Em segundo lugar, a mente tem a faculdade de ligar e unir todas as ideias, que não envolvam contradição; e portanto se a crença consistisse nalguma ideia, que adicionássemos à simples concepção, estaria no poder do homem, mediante a adição de tal ideia à concepção, acreditar o que quer que fosse, entre o que pudesse conceber.

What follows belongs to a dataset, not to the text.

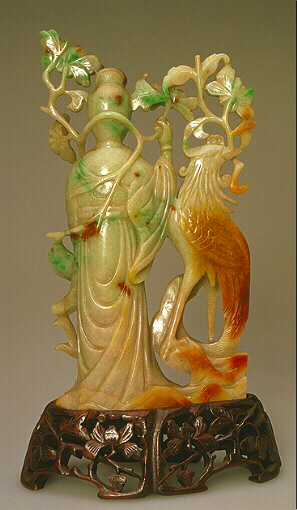 The reverse of the Celadon and russet jadeite carving of Guanyin with phoenix and flowers.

Esta é uma descoberta muito curiosa, mas que leva a outras ainda mais curiosas. Quando vejo uma bola de bilhar mover-se em direcção a outra, a minha mente é imediatamente levada pelo hábito ao efeito usual, e antecipa a minha visão ao conceber a segunda bola em movimento. Mas, isto é tudo ? Não faço senão CONCEBER o movimento da segunda bola ? Certamente que não. Eu também ACREDITO que ela se moverá. O que é então esta crença ? E em que difere ela da simples concepção da coisa ? Eis aqui uma nova questão impensada pelos filósofos.
Quando uma demonstração me convence de qualquer proposição, não apenas me faz conceber a proposição, mas também me torna sensível a que é impossível conceber qualquer coisa contrária. O que é demonstrativamente falso implica a contradição ; e o que acarreta contradição não pode conceber-se. Mas com respeito a qualquer matéria de facto, por muito forte que seja a prova derivada da experiência, posso sempre conceber o contrário, embora não possa sempre acreditar nisso. A crença, portanto, estabelece alguma diferença entre a concepção à qual assentimos e àquela a que não damos o nosso assentimento.

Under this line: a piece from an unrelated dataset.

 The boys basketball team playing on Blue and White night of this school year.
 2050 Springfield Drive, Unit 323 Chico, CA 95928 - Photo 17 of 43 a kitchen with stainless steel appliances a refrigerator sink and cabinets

Somos determinados pelo COSTUME sómente a supor o futuro conformável ao passado. Quando vejo uma bola de bilhar mover-se em direcção a outra, a minha mente é imediatamente levada pelo hábito ao efeito usual, e antecipa a minha visão ao conceber a segunda bola em movimento. Nada há nestes objectos, considerados abstractamente, e de modo independente da experiência, que me induza a formar uma tal conclusão: e até depois de ter tido a experiência de muitos efeitos repetidos deste género, não há nenhum argumento que me determine a supor que o efeito será conformável à experiência passada. Os poderes, pelos quais os corpos operam, são inteiramente desconhecidos. Apercebemo-nos somente das suas qualidades sensíveis : e que razão temos nós para pensar que os mesmos poderes se conjugarão sempre com as mesmas qualidades sensíveis ?
Não é, portanto, a razão, que é o guia da vida, mas o costume. Só este determina a mente, em todas as instâncias, a supor o futuro conformável com o passado. Por muito fácil que este passo pareça, a razão nunca em toda a sua eternidade o conseguiria dar.